Friend: That was the exit. Did you see the sign?
Me: I saw the sign
F: …
Me: And it opened up my eyes
F: Oh no.
Me: I SAWW THE SIIIGNNN
I want my hearse to have ‘JUST DIED’ written on the windshield with cans tied to the rear bumper.
When fighting with a clown, always go for the juggler.
“We’re up all night to get Loki” -Daft Punk feat. The Avengers
What’sApp
Me: Mom, what’s for dinner?
Mom : typing …*gets married*
*have kids*
*gets old*
*dies*
*goes to hell*Mom: Fish, honey!
Dear women,
3 reasons why you need to accept we men are mature.

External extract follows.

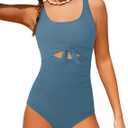 Qaoerde Girls Swimsuit One Piece Swimsuits Cutout Ruched Bathing Suits Tie Adjustable Straps Girls' Swimwear 9-16Y (13-14 Years, Gery Blue)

No 1. We know what upsets you.
No 2.
Hahahahahaha… I said “number 2”
Thanks to Twitter, rock bottom now has a waiting list.
Yesterday I fell, landed on my back, and could not roll over and get up. At the time I was wearing a Turtleneck Sweater.
Calories don’t count if they’re connected to a celebration. Everyone knows this.
A book commits suicide every time you watch a reality show.
If I’m guilty of anything, it’s loving TOO much. And several felonies in 3 different states. But mostly loving too much.
I’d like to have a child one day. Two days, tops.
A curious tradition — to look at a newborn baby and say to yourself, “Because of your DNA, one day you will rule over me.”
Imagine being the kid that got cut from the team on Air Bud because they had to make a roster spot for a golden retriever.
I don’t know much about fashion. I assume a leotard is an idiot born between July 23 & August 22.